If you like this site, see my recent campaign for collecting money for my works of fiction.

# What’s the Volume of a Dodecahedron?

The picture above shows a dodecahedron. It’s a solid body which has 12 perfect pentagons of the same size as its sides. I wondered what is the volume of such a body.

What is the volume of a dodecahedron with an edge-length of a? |

The solution can be found some space below:

## Solution:

Since a dodecahedron is a perfect solid with 12 identical sides at the same distance from its centre, we can divide it into twelve identical pyramids. The corner of each pyramid is found at the dodecahedron’s centre, and the base is one of the sides.

The volume of a pyramid is the area of the base multiplied by its height divided by 3. We can calculate the height by the angle between the base and one of the surface sides. Since two pyramids are adjacent at every edge of the dodecahedron, we can find it by taking the angle between two adjacent sides of the dodecahedron and dividing it by 2.

To find that, let’s take a corner of the dodecahedron, and form a triangle at the points which are at a certain distance along the edges.
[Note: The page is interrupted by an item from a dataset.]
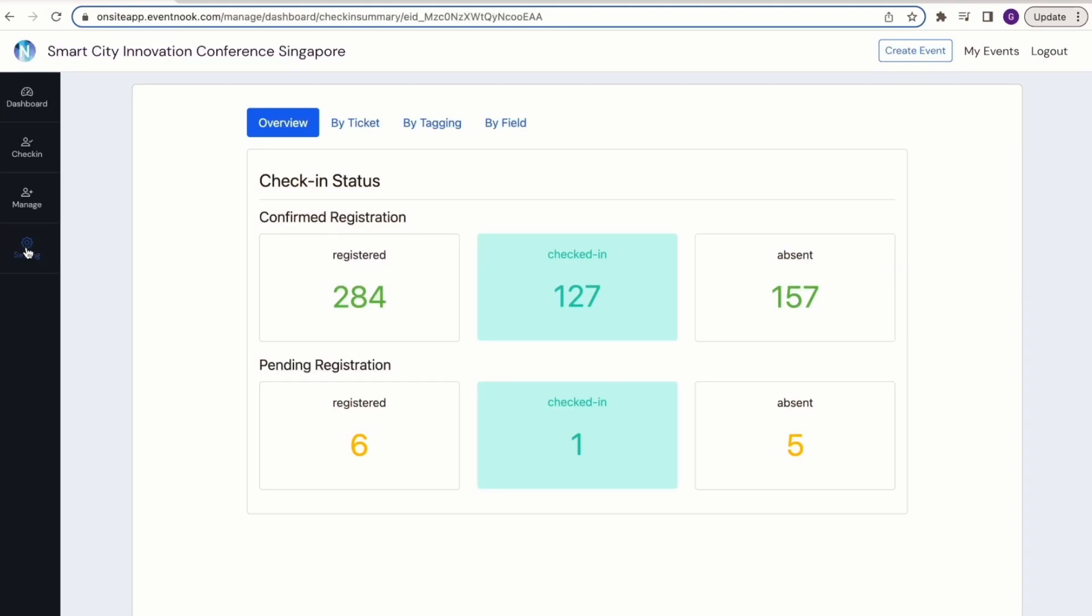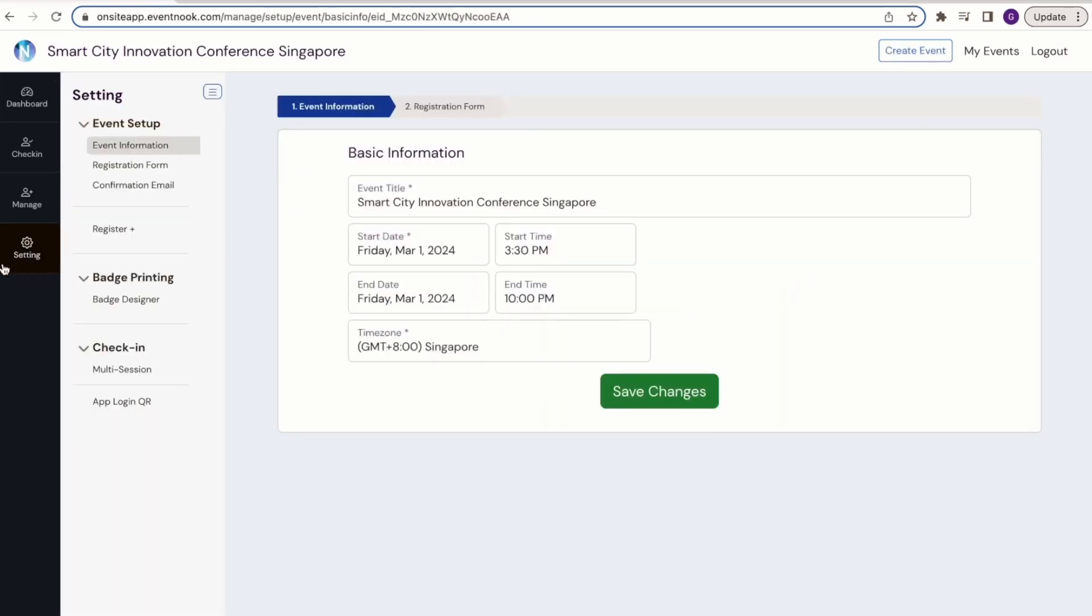What I'm talking about is creating a QR code that would allow your team to scan and gain access to the event's dashboard. To do so, simply navigate to Settings and click on App Login QR.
We get the following picture:

From point C, which is found somewhere along the edge, let’s lower
two perpendiculars to the edge, down to the edges of the base
triangle. We get the triangle CAB. Now since the surface sides of
this pyramid are isosceles triangles, and the angle of a perfect
pentagon is equal to:

$$ \frac{180° \cdot 3}{5} = 108° $$

Then the angle CDA is equal to:

$$ \frac{180°-108°}{2}=36° $$

Since angle ACD is a right angle, we find that CA (and CB) is equal to AD * sin(36°), and since the base triangle is perfect, AB is equal to AD. Thus, we know that:

\[ \frac{AE}{CA} = \frac{\frac{AB}{CA}}{2} = \frac{\frac{AD}{CA}}{2} = \frac{\frac{1}{\frac{CA}{AD}}}{2} = \frac{1}{2\sin{36°}} \]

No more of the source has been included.